▶ [What needs to be done]:
Every line in the records below between the one holding "Detail of golden" and the one holding "Güzelim, seksi bir", inclusive, is to be set down exactly; all other lines are to be left out.

Start of Input material

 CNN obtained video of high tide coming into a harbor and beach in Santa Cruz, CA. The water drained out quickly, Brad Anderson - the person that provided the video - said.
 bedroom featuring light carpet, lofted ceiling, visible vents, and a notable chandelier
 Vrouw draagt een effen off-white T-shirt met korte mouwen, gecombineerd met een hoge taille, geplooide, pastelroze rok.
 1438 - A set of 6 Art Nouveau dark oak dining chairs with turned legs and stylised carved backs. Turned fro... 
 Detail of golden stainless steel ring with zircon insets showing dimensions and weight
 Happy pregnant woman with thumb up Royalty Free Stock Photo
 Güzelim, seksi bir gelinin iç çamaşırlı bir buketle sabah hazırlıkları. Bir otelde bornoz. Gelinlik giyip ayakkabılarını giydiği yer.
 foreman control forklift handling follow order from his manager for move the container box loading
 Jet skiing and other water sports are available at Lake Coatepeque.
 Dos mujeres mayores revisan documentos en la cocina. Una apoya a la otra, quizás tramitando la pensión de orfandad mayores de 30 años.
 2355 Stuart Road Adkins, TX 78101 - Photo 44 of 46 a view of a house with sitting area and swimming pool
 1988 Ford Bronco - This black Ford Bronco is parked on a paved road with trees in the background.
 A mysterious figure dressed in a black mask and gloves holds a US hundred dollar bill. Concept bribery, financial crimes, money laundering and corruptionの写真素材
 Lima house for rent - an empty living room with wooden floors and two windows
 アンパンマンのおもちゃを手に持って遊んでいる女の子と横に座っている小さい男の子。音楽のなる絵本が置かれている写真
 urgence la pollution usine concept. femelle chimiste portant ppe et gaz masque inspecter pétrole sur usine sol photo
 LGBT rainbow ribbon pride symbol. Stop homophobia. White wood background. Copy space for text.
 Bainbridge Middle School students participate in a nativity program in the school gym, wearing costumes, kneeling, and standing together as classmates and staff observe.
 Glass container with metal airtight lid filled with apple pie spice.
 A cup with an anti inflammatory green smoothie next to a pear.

End of Input material

▶ [Exercise output]:
 Detail of golden stainless steel ring with zircon insets showing dimensions and weight
 Happy pregnant woman with thumb up Royalty Free Stock Photo
 Güzelim, seksi bir gelinin iç çamaşırlı bir buketle sabah hazırlıkları. Bir otelde bornoz. Gelinlik giyip ayakkabılarını giydiği yer.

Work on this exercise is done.